The Pantheon of Open City
“In War, an Open City is a settlement which abandoned all defensive efforts, generally in the event of the imminent capture of the city to avoid destruction.”[1]The declaration of Open City by the French government on 11 June 1940 during the Battle of France was intended to protect the city's civilians and cultural landmarks from a futile battle, and it also reminds us the beginning of WWII more than eight decades ago. As we celebrate the centennial event of the Paris Olympic Games between 1924 and 2024, the cessation of hostilities known as the Olympic Truce[2]has been widely promoted during the Games.
In Contemporary Urban Planning, architects, planners, and theorists envision the Open City as a space where social integration, cultural diversity, and collective identity can be actively fostered through interaction and exchange.[3]The 2024 Olympic logo features a symbolic female portrait, Marianne[4], a republican icon representing the champion of freedom and democracy against all forms of oppression.
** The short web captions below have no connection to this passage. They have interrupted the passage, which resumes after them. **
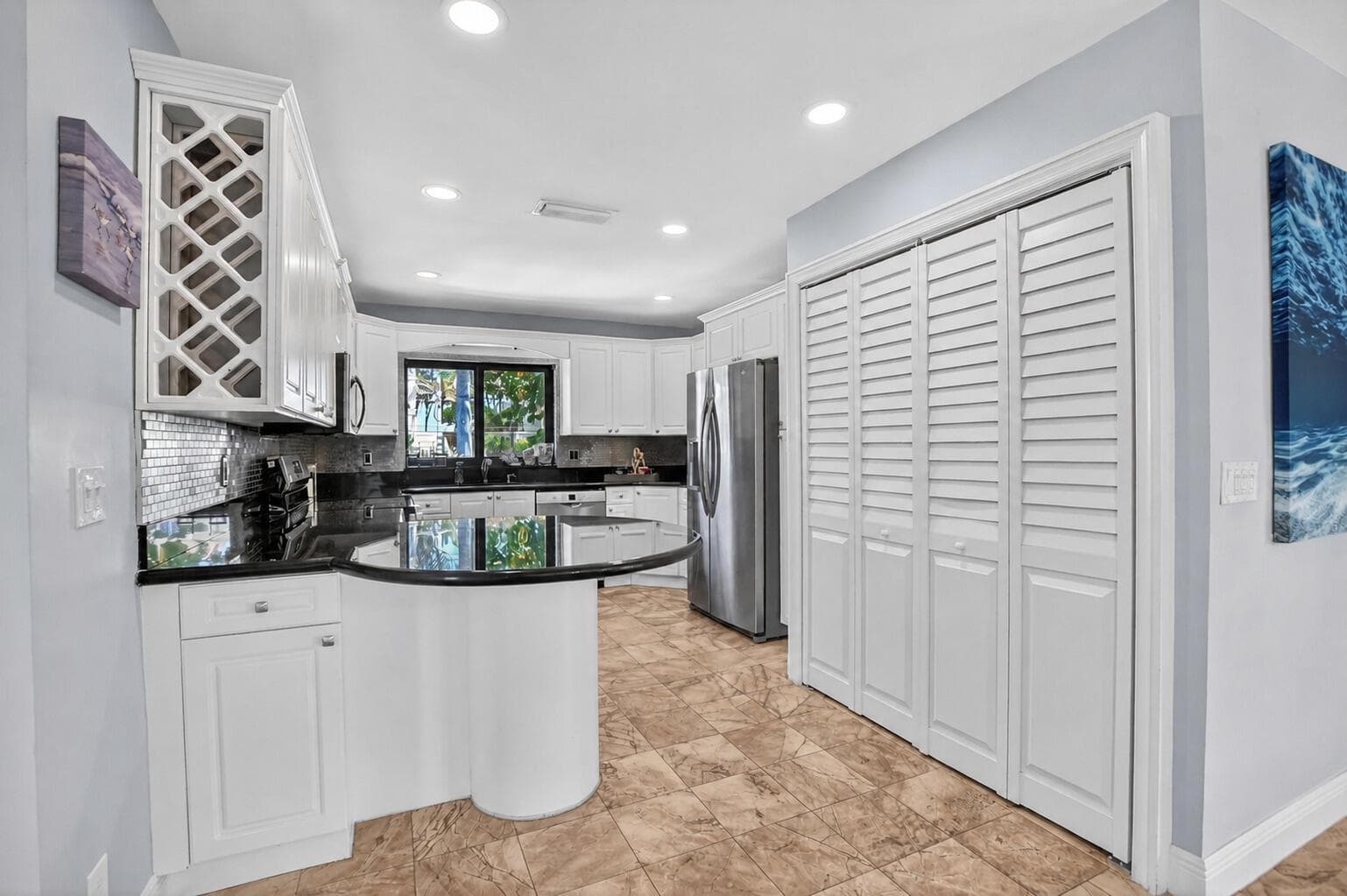 4310 S Ocean Boulevard B photo 3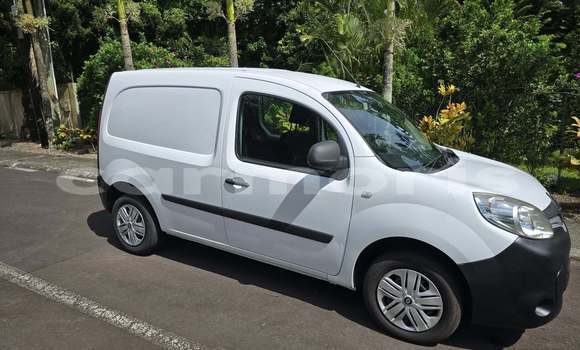 Buy Used Renault Kangoo White Car in Arsenal in Pamplemousses District Buy Used Renault Kangoo White Car in Arsenal in Pamplemousses District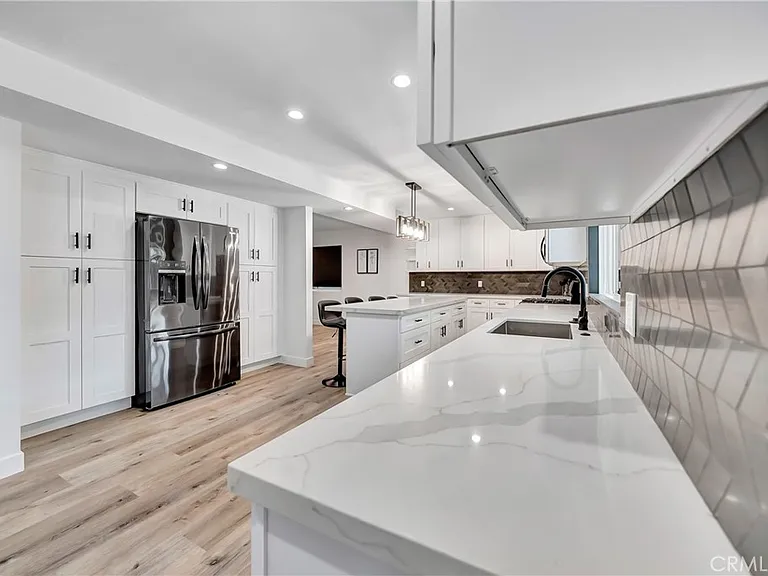 24445 Clipstone St — Photo 16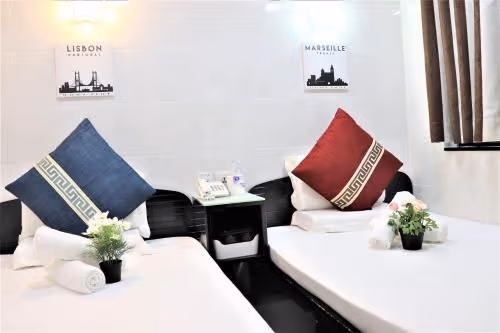 Deluxe Family Room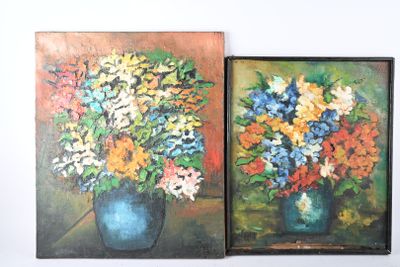 deux tableaux représentant des fleurs dans un vase bleu sur fond blanc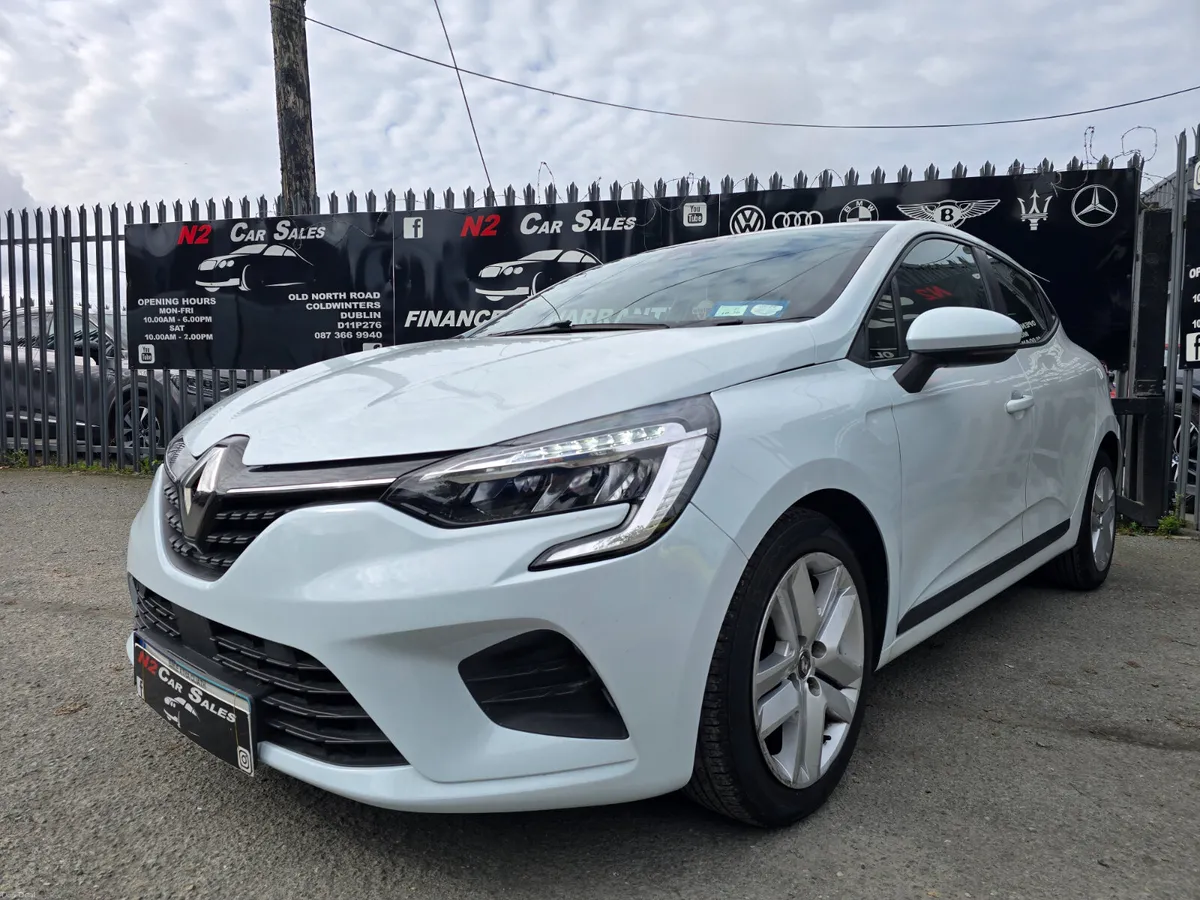 221 Renault Clio 1.0 Petrol, LOW MILES, NEW NCT - Image 4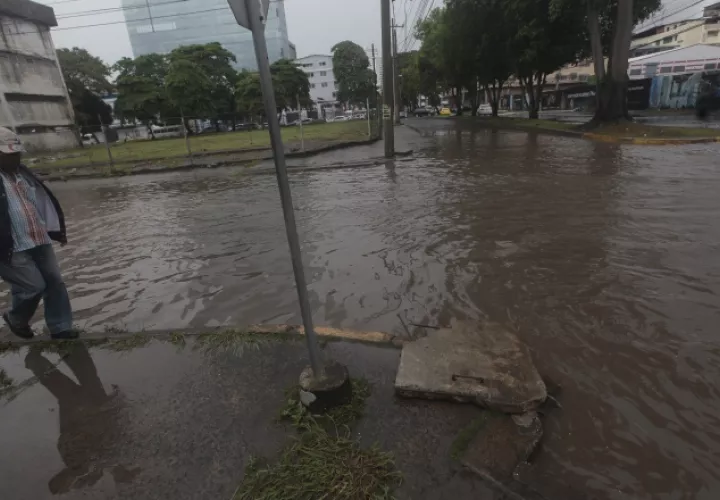 Varias calles de la capital quedaron anegadas debido a las lluvias. Roberto Barrios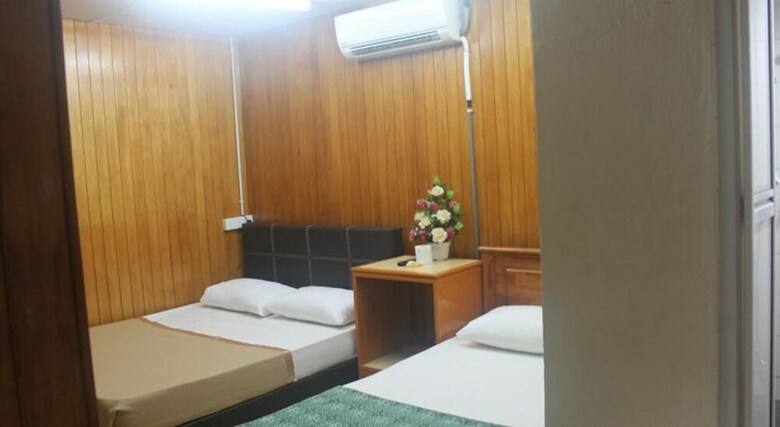 Hostal Ros Heritage Motel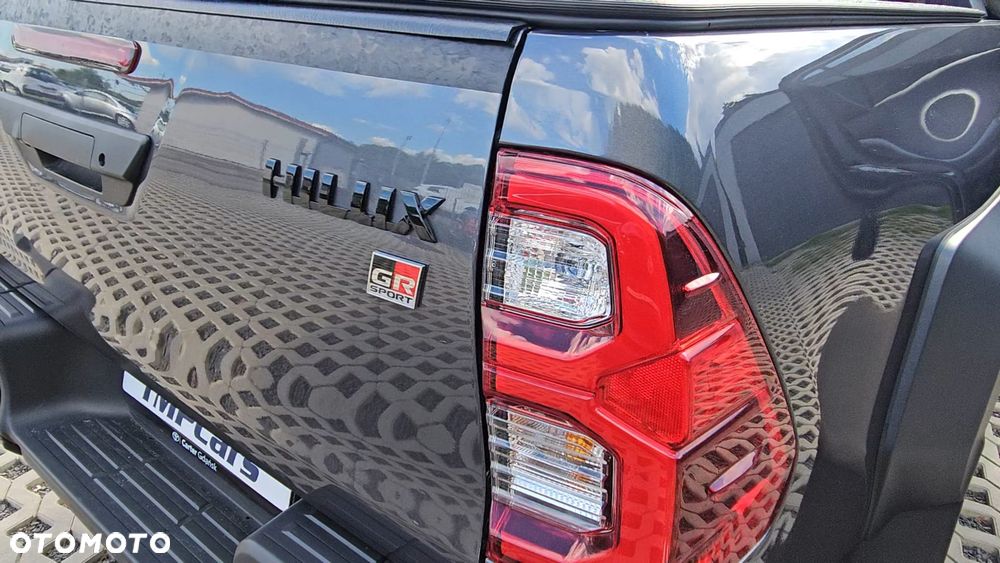 Toyota Hilux 2.8 D-4D Double Cab GR Sport II 4x4 - 33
This holds huge significance as the establishment of an Open City without the free people from all races is unimaginable.
The Paris trip at the end of 2024 presents a valuable opportunity for us to examine how, through the lens of both art and sports, we can continue to critically evaluate our efforts to ease the devastating conflicts plaguing humanity, considering both peacetime and wartime contexts within the city's contemporary happenings and history in the past. Through in depth field work and investigation, Chee Kiong and Yen Peng will each present a work that will be housed under the Open City. They will employ elements of shared experiences to articulate nuanced perspectives on the complexity of human connectedness.
[1] https://en.wikipedia.org/wiki/Open_city
[2] https://olympics.com/ioc/olympic-truce
[3] https://warwick.ac.uk/fac/soc/sociology/research/projects/isc/opencity/
[4] https://www.paris2024.org/en/a-single-emblem-for-paris-
In the Pantheon - the Paris Avatar
The Paris-SG Mnemosyne Atlas
Inspired by an experience stumbling upon scenes and figures from personal travel photos that bare uncanny similarities with found online archival images, Yen Peng’s works play with the montage or juxtaposition of archival images that resonate with a punctum beyond mere recognition. Her most recent research further draws upon the concept of the *Mnemosyne Atlas from the German art historian Aby Warburg, putting together disparate images from various times and regions, juxtaposing them in search of a visual, non-linear historical narrative. This memory/punctum-aligned expression hopes to study the crossings between personal experiences and unexpected resonances of collective memories versus official and historical accounts.
In the Paris-SG Mnemosyne Atlas (tentative name), the artist will work with images collected from the on-site research during the Paris trip, and explore unknown or forgotten links between France and Singapore. Specific topics and images related to shared experiences or histories (e.g. war, colonialism, migrants, architecture, etc) will evolve through discoveries and research processes. More than just image collection, this project aims to be a thought-provoking investigation of personal identity, collective memory, and the complex tapestry of connections across cultures.
The Atlas will be part of the Pantheon in the Open City.
*Mnemosyne Atlas - the Map of the Goddess of Memory, refers to an unfinished project by German art historian Aby Warburg (1866-1929). As a collection of thousands of images including photographs, engravings, and postcards, etc arranged on panels, it explored recurring symbols and themes across time and cultures, providing glimpses into interconnectedness of human experience across time and space.